The IMF report prepared in July, but released last weekend said that China remains reluctant to float its domestic currency. The report says that China feared that floatation of its domestic currency could lead to increased capital outflow, while a substantial change in the value of Yuan could result in increased unemployment.
IMF has suggested that China should increase the flexibility of the domestic currency by floating the Yuan in a wide range band linked to a currency basket. This would help the country achieve a soft landing of its economy. Since 1995, China has pegged its domestic currency at CNY 8.3 per US dollar, which is widely believed to favour Chinese products, as they remain cheaper and competitive in the global markets.
The Chinese central bank responded to the IMF's suggestion saying that that the country plans to create a more flexible exchange-rate mechanism. The reforms would be carried out gradually, said the central bank without mentioning a timetable. The IMF said yesterday that a more flexible currency would help China achieve a gradual economic slowdown.
According to the report on the country's economic review, China is progressing towards the desired economic soft landing. The anticipated soft landing is on account of macroeconomic control measures taken by the government aimed at slowing down the excessive investment growth in certain overheated sectors of the economy during the last 10 months.

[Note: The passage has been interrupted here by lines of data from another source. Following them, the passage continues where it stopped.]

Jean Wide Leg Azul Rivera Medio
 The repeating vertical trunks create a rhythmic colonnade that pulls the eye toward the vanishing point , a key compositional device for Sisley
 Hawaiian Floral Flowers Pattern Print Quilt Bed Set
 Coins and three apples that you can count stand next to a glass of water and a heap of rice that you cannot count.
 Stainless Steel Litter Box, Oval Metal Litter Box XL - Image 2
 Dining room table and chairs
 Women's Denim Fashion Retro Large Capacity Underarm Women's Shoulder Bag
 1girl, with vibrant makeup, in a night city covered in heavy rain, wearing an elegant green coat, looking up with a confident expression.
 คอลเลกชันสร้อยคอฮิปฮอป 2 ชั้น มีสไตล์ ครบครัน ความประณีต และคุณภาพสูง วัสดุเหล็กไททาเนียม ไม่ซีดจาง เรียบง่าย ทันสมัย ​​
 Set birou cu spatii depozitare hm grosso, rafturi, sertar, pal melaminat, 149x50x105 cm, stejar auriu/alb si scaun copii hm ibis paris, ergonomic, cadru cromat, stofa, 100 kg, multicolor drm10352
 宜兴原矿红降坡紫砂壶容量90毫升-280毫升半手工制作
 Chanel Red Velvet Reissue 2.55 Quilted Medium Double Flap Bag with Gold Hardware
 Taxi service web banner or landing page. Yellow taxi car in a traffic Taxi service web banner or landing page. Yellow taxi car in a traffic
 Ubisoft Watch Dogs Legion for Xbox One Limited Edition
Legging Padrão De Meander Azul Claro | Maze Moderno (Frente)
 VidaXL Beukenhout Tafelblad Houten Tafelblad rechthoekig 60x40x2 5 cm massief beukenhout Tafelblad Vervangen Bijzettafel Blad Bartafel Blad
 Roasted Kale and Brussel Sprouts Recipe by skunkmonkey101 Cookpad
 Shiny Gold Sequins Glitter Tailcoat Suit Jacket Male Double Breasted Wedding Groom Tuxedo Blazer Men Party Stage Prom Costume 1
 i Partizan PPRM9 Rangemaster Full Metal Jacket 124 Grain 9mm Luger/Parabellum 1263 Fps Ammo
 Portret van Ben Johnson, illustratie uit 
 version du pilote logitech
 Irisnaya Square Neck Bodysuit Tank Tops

Data compiled by the National Bureau of Statistics (NBS) indicates that during the first nine months of this year, excessive investment growth has been curtailed, while the economy grew 9.5% y/y. State Development and Reform CommissionÕs Director of Economic Operations, Wang Xiaoguang, said that growth rate of investment in fixed assets in urban areas decelerated to 30.3% during Jan-Aug from 53% growth witnessed in the first two months of the year. State Council's Deputy Director, Xie Fuzhan, said that the economic indicators point that the government's efforts to cool down economic growth have been effective, as it has resulted in stable growth.
NBS Director Li Deshui said the China's economic growth has witnessed a slowdown while inflation remain in the manageable range of 4.1% for the first nine months of this year. Other economic indicators also show progress. The urban unemployment rate declined to 4.2% as at end September, while trade surplus stood at USD 3.9bn for the first nine months of this year. FDI during the same period stood at USD 48.7bn, while forex reserves stood at USD 514.5bn as at end September. The government accepted that there are certain issues, which need to be tackled. The fixed-asset investment still remains a cause for concern.
The central bank Governor Zhou Xiaochuan, said that China's macroeconomic controls have achieved good results, however inflationary and investment pressures do exist. With a view to achieve a balanced economic development, the macroeconomic control measures would continue, as emphasised by Premier Wen Jiabao.